*** Opening EXTRACTED INFORMATION ***

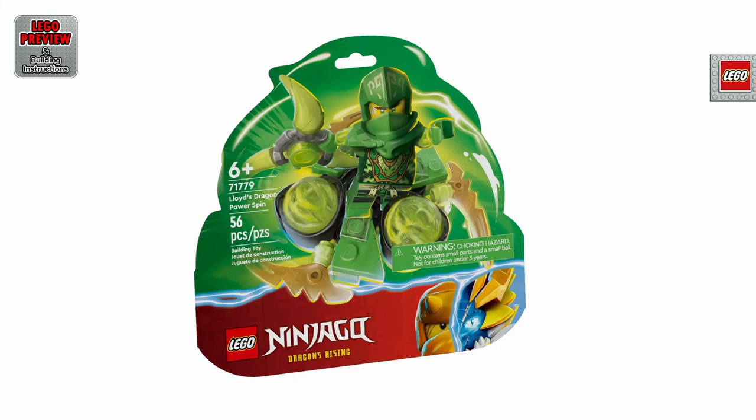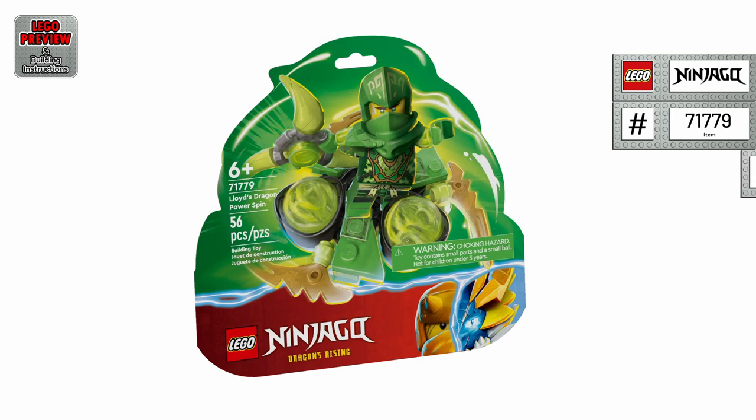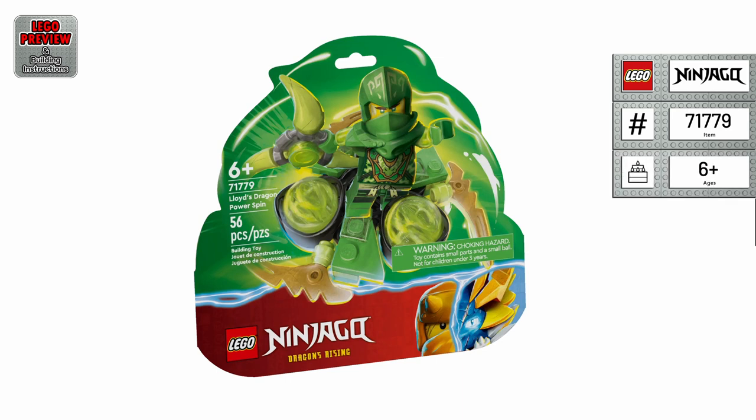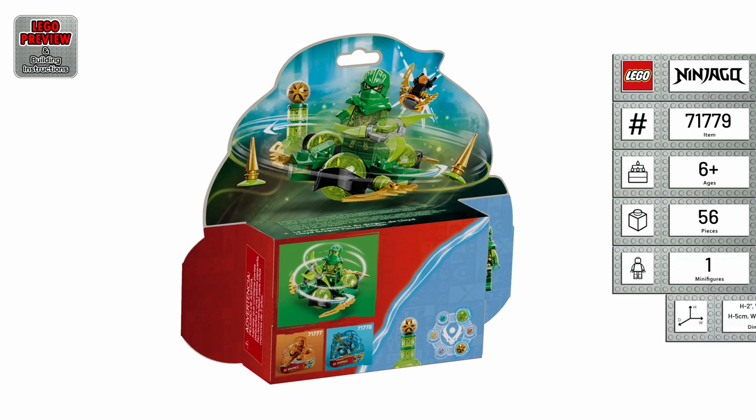Welcome to LEGO Preview and Building Instructions. Today, we bring you a preview of LEGO Lloyd's Dragon Power Spinjitsu Spin. It's the LEGO Ninjago set number 71779 from 2023.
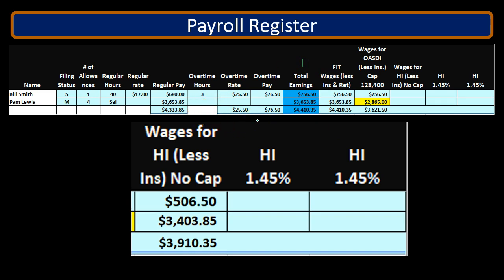When we start to calculate the payroll taxes, we may have to adjust the earnings. For example, FIT is going to be reduced possibly by things like a 401k plan or a retirement plan and a cafeteria plan. The OASDI, or Social Security, is going to have a cap, which is the major component, as well as possibly being reduced by something like a cafeteria plan.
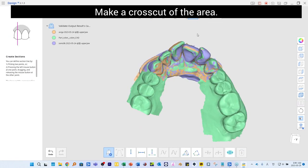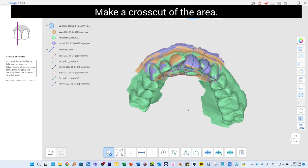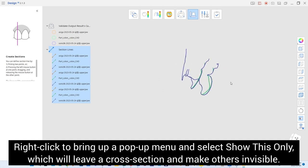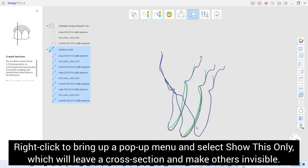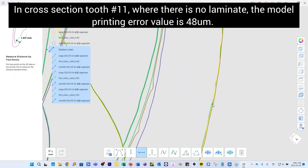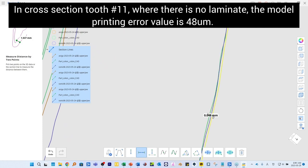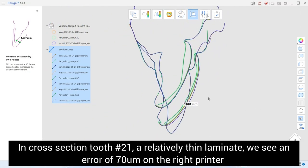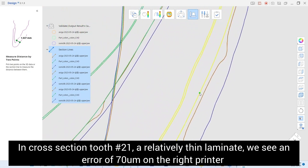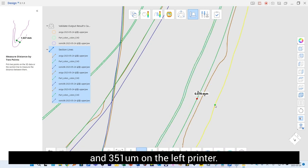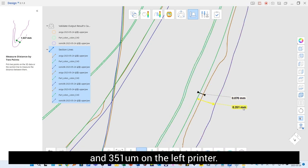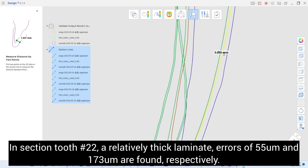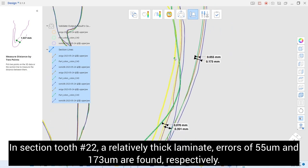Run Measurement mode and make a cross cut of the area. Right-click to bring up a pop-up menu and select Show This Only to leave the cross section visible. In cross section, tooth number 11 — where there is no laminate — the model printing error value is 48 micrometers. In cross section, tooth number 21, a relatively thin laminate, we see an error of 70 micrometers on the white printer and 351 micrometers on the other printer. For tooth number 22, a relatively thick laminate, errors of 55 micrometers and 173 micrometers are found respectively.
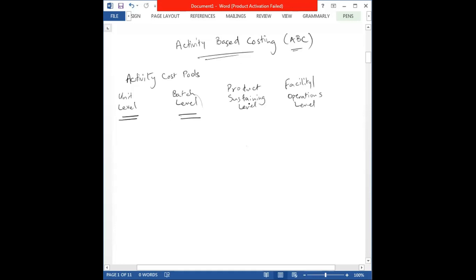Product sustaining levels include activities needed to support an entire product line but not performed every time a new unit or batch is produced — for example, engineering design costs. Facility or operations level activities are required for the entire production process to occur, including plant management salaries, plant depreciation, property taxes, plant maintenance, and insurance.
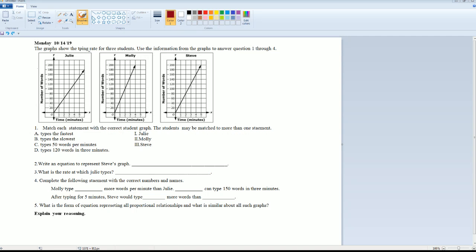Welcome, this is the homework solution for week 11, Monday October 14th. The graph shows the typing rate for three students. Use this information from the graph to answer questions one through four. Number one says: match each statement with the correct student's graph — students may be matched to more than one statement. Typing fastest, typing the slowest, types 50 words per minute, types 120 words in three minutes.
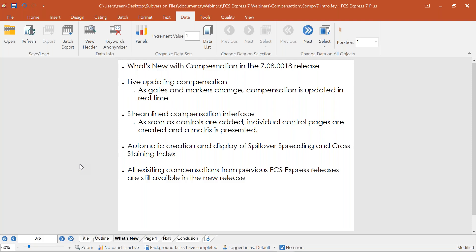The spillover spreading matrix and the cross-staining index are two new metrics in FCS Express provided when you do automatic compensation. These are items folks have asked for for quite a while, and they're now here and accessible in this release. Also keep in mind that all existing compensations from previous FCS Express releases — all the layouts you've been using — you don't have to recreate everything; you can bring those layouts and data in and pick up where you left off.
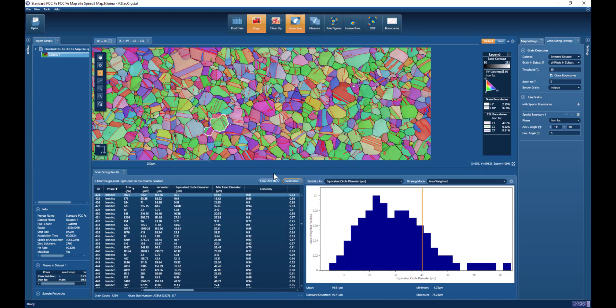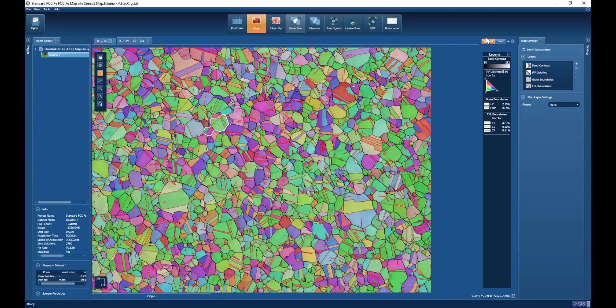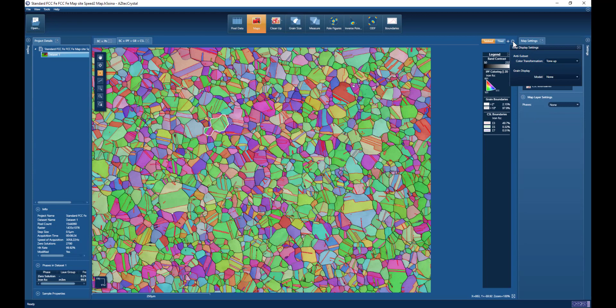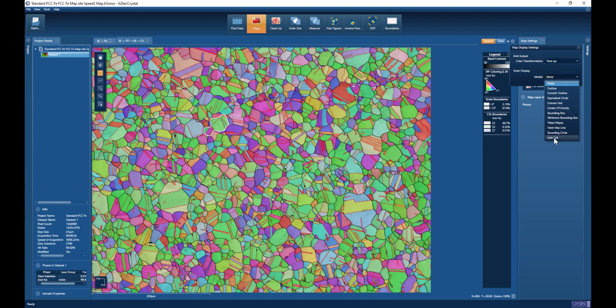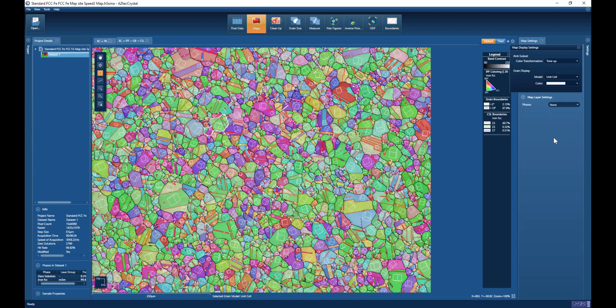We have more ways in which we can display the data. These would be displayed by choosing the grain display from the map display settings. We can even display the unit cell orientation for all of the individual grains as picked out in the software.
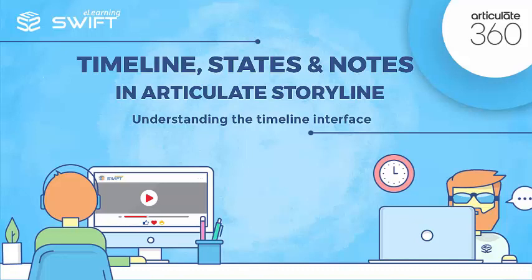Hello and welcome back to the fourth section of Articulate Storyline Training Series. In the previous video, we have seen what a timeline is and how to use it. In this video, we will get familiar with the timeline interface and how we can modify the objects in a slide using it.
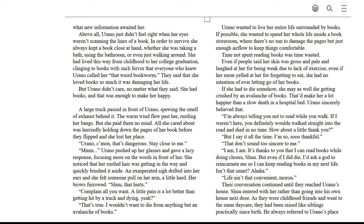Clinging to books with such a fervor that everyone who knew Orano called her that weird bookworm. They said that she loved books so much it was damaging her life. But Orano didn't care. No matter what they said, she had books, and that was enough to make her happy.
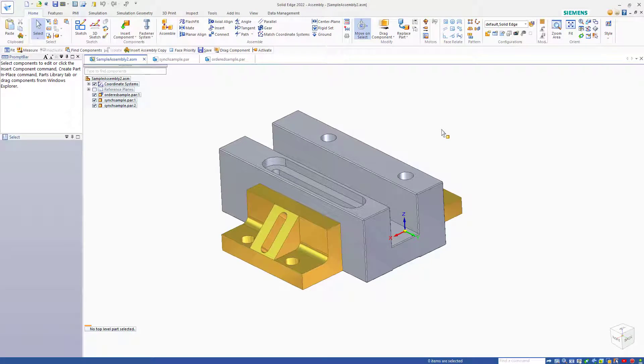In this video, I'd like to control some dimensions and put them in a variable table and use that on an assembly drawing with a parts list. Let's get started.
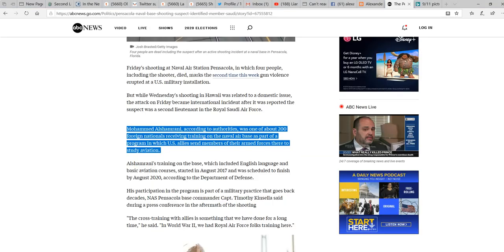Unpronounceable's training on the base, which included English language and basic aviation courses started in August 2017, was scheduled to finish by August 2020 according to the Department of Defense. Like I said, didn't we learn the first time?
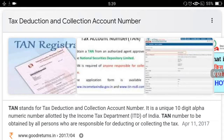Welcome back to the channel. This video will tell you how to find the TAN of anything — any person, any organization, public, private, or even government. You might need this because if you have taken a home loan, you may need to furnish the TAN of the branch of the bank you took the loan from, or for an income tax declaration to your company or office.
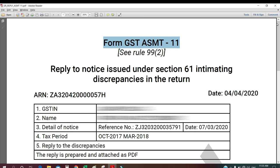Otherwise it will go for other proceedings like special audits — Section 65 and other sections may apply. So give a proper reply, and it is better to appear before the officer who sent you the notice so you can clearly understand what reply they are asking for. Thank you for watching. Please support my channel, subscribe to my videos, and click the bell icon so you can get my new videos. See you next week.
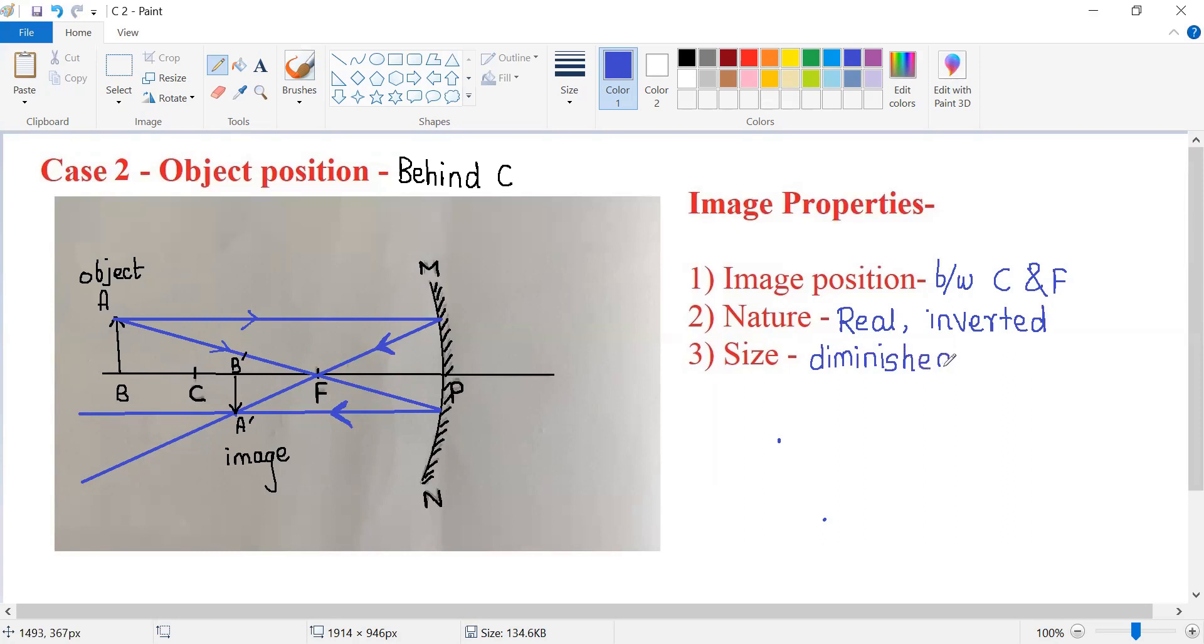When an object is placed behind the center of curvature of a concave mirror, its image is formed between the center of curvature and focus. It is real, inverted, and diminished.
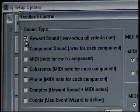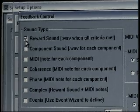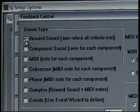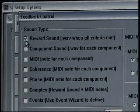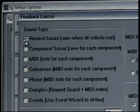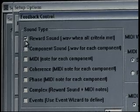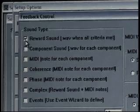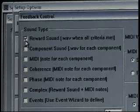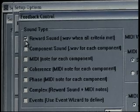Knowing that we're down-training theta, up-training beta, and down-training high beta with this particular protocol, when all three of those components are within criteria or meet range, we're going to hear a bell, for instance.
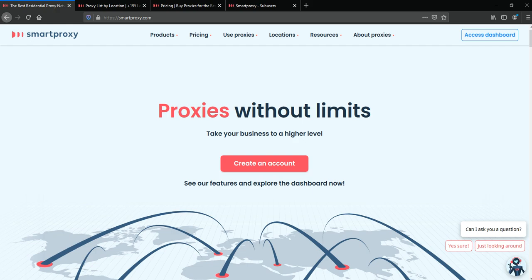Hello everyone, I'm Anton from GoLogin and today I'll tell you how to integrate SmartProxy into our service.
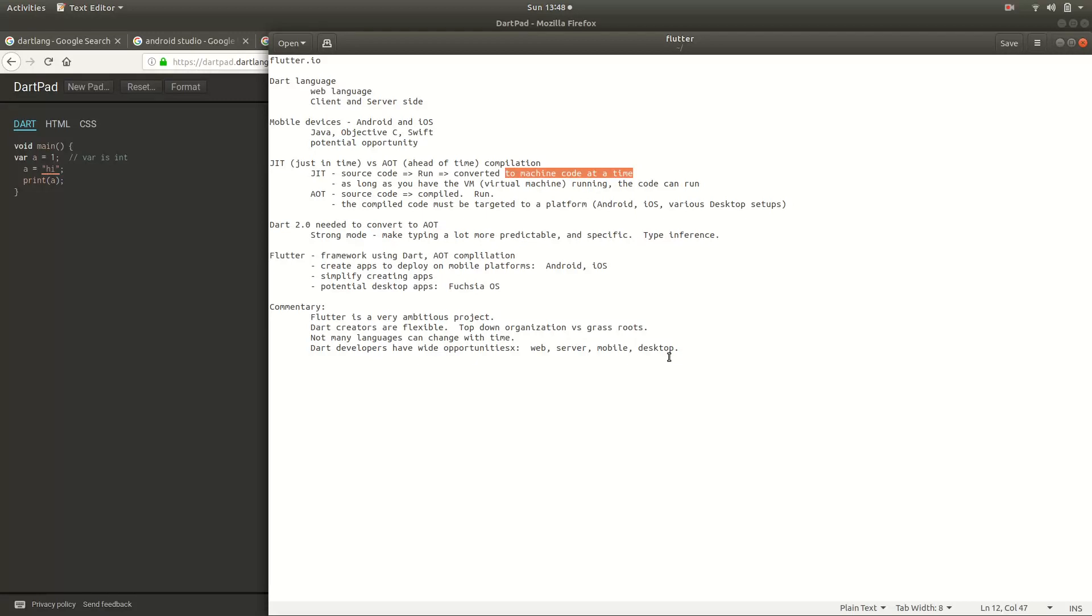And as long as you have this virtual machine running, the code can run it. So it would run in a browser. If you ran it on a server, you'd just have to install the VM on your computer in order to have it run. Great.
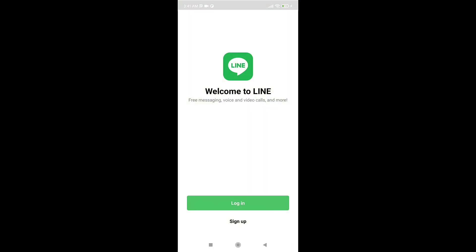This way you can log out of LINE. Thank you for watching. If you like this video, please hit the like button. If you want to see more tutorial videos, hit the subscribe button.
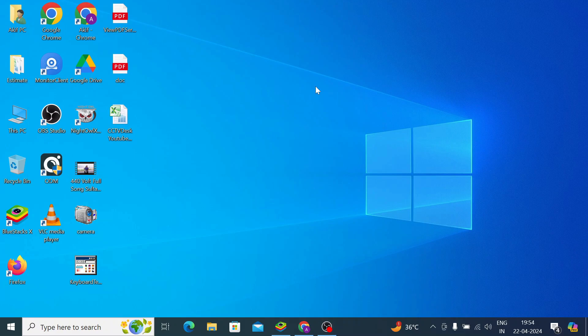I will make a separate video on BlueStack — how you install BlueStack on your PC — and I will give a link in the description. You can watch that video if you don't know how to install BlueStack on your system. Once you install BlueStack, you find this icon; just click on it.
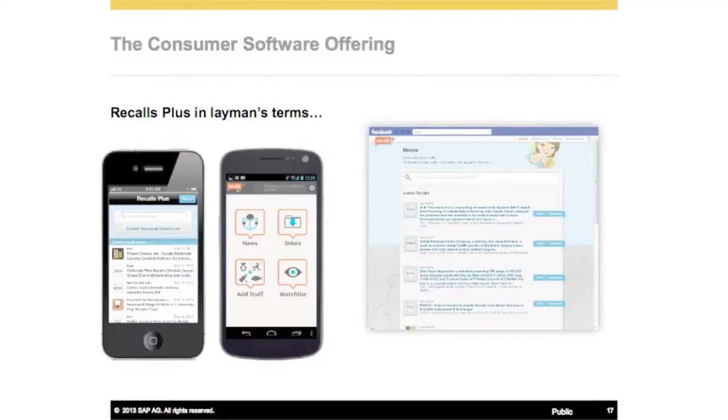Recalls Plus in layman's terms is an application that basically lets you track US product recall notices, including food. It's available on iPhone and Android, which some folks on our team helped develop, so you can all check it out. You can check out the Facebook page as well, though the iPhone app may only be available in the US marketplace.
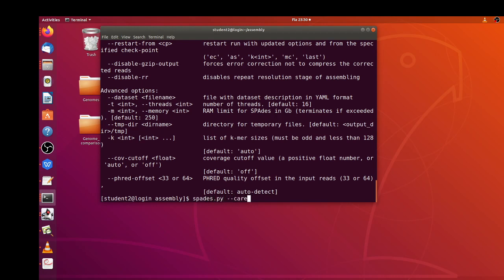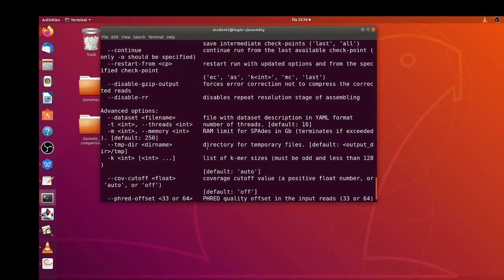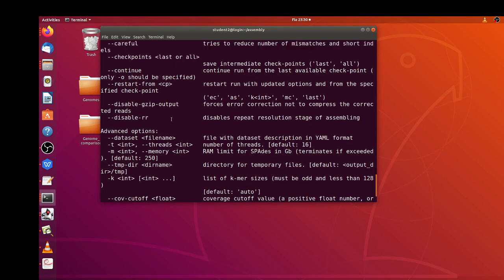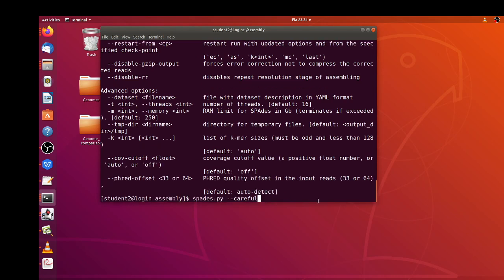This particular option here, careful, allows SPAdes to run by reducing the number of mismatches and short indels. That's what this option does. So let's specify the output: -o and then let's say spades_out. SPAdes after doing the de novo assembly will store or save all the results in this particular directory.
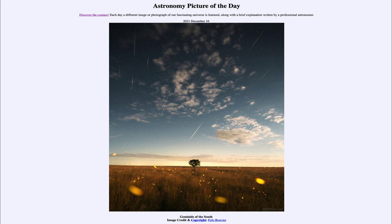That was our picture of the day for December 16th of 2021, titled 'Geminids of the South.' We'll be back again tomorrow for the next picture, previewed to be 'Geminids of the North,' so we'll see what that's about tomorrow. Have a great day, everyone, and I will see you in class.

*** Closing EXTRACTED INFORMATION ***

◆ **ASSIGNMENT**
Exclude images. Return the data above verbatim.

◆ **SOLUTION TO THE PROBLEM**
Welcome to LEGO Preview and Building Instructions. Today, we bring you a preview of LEGO Lloyd's Dragon Power Spinjitsu Spin. It's the LEGO Ninjago set number 71779 from 2023.
When we start to calculate the payroll taxes, we may have to adjust the earnings. For example, FIT is going to be reduced possibly by things like a 401k plan or a retirement plan and a cafeteria plan. The OASDI, or Social Security, is going to have a cap, which is the major component, as well as possibly being reduced by something like a cafeteria plan.
Run Measurement mode and make a cross cut of the area. Right-click to bring up a pop-up menu and select Show This Only to leave the cross section visible. In cross section, tooth number 11 — where there is no laminate — the model printing error value is 48 micrometers. In cross section, tooth number 21, a relatively thin laminate, we see an error of 70 micrometers on the white printer and 351 micrometers on the other printer. For tooth number 22, a relatively thick laminate, errors of 55 micrometers and 173 micrometers are found respectively.
Product sustaining levels include activities needed to support an entire product line but not performed every time a new unit or batch is produced — for example, engineering design costs. Facility or operations level activities are required for the entire production process to occur, including plant management salaries, plant depreciation, property taxes, plant maintenance, and insurance.
Welcome, this is the homework solution for week 11, Monday October 14th. The graph shows the typing rate for three students. Use this information from the graph to answer questions one through four. Number one says: match each statement with the correct student's graph — students may be matched to more than one statement. Typing fastest, typing the slowest, types 50 words per minute, types 120 words in three minutes.
The spillover spreading matrix and the cross-staining index are two new metrics in FCS Express provided when you do automatic compensation. These are items folks have asked for for quite a while, and they're now here and accessible in this release. Also keep in mind that all existing compensations from previous FCS Express releases — all the layouts you've been using — you don't have to recreate everything; you can bring those layouts and data in and pick up where you left off.
We have more ways in which we can display the data. These would be displayed by choosing the grain display from the map display settings. We can even display the unit cell orientation for all of the individual grains as picked out in the software.
Hello and welcome back to the fourth section of Articulate Storyline Training Series. In the previous video, we have seen what a timeline is and how to use it. In this video, we will get familiar with the timeline interface and how we can modify the objects in a slide using it.
Clinging to books with such a fervor that everyone who knew Orano called her that weird bookworm. They said that she loved books so much it was damaging her life. But Orano didn't care. No matter what they said, she had books, and that was enough to make her happy.
In this video, I'd like to control some dimensions and put them in a variable table and use that on an assembly drawing with a parts list. Let's get started.
Unpronounceable's training on the base, which included English language and basic aviation courses started in August 2017, was scheduled to finish by August 2020 according to the Department of Defense. Like I said, didn't we learn the first time?
Welcome back to the channel. This video will tell you how to find the TAN of anything — any person, any organization, public, private, or even government. You might need this because if you have taken a home loan, you may need to furnish the TAN of the branch of the bank you took the loan from, or for an income tax declaration to your company or office.
Otherwise it will go for other proceedings like special audits — Section 65 and other sections may apply. So give a proper reply, and it is better to appear before the officer who sent you the notice so you can clearly understand what reply they are asking for. Thank you for watching. Please support my channel, subscribe to my videos, and click the bell icon so you can get my new videos. See you next week.
When an object is placed behind the center of curvature of a concave mirror, its image is formed between the center of curvature and focus. It is real, inverted, and diminished.
Knowing that we're down-training theta, up-training beta, and down-training high beta with this particular protocol, when all three of those components are within criteria or meet range, we're going to hear a bell, for instance.
Hello everyone, I'm Anton from GoLogin and today I'll tell you how to integrate SmartProxy into our service.
And as long as you have this virtual machine running, the code can run it. So it would run in a browser. If you ran it on a server, you'd just have to install the VM on your computer in order to have it run. Great.
This way you can log out of LINE. Thank you for watching. If you like this video, please hit the like button. If you want to see more tutorial videos, hit the subscribe button.
I will make a separate video on BlueStack — how you install BlueStack on your PC — and I will give a link in the description. You can watch that video if you don't know how to install BlueStack on your system. Once you install BlueStack, you find this icon; just click on it.
Recalls Plus in layman's terms is an application that basically lets you track US product recall notices, including food. It's available on iPhone and Android, which some folks on our team helped develop, so you can all check it out. You can check out the Facebook page as well, though the iPhone app may only be available in the US marketplace.
This particular option here, careful, allows SPAdes to run by reducing the number of mismatches and short indels. That's what this option does. So let's specify the output: -o and then let's say spades_out. SPAdes after doing the de novo assembly will store or save all the results in this particular directory.
That was our picture of the day for December 16th of 2021, titled 'Geminids of the South.' We'll be back again tomorrow for the next picture, previewed to be 'Geminids of the North,' so we'll see what that's about tomorrow. Have a great day, everyone, and I will see you in class.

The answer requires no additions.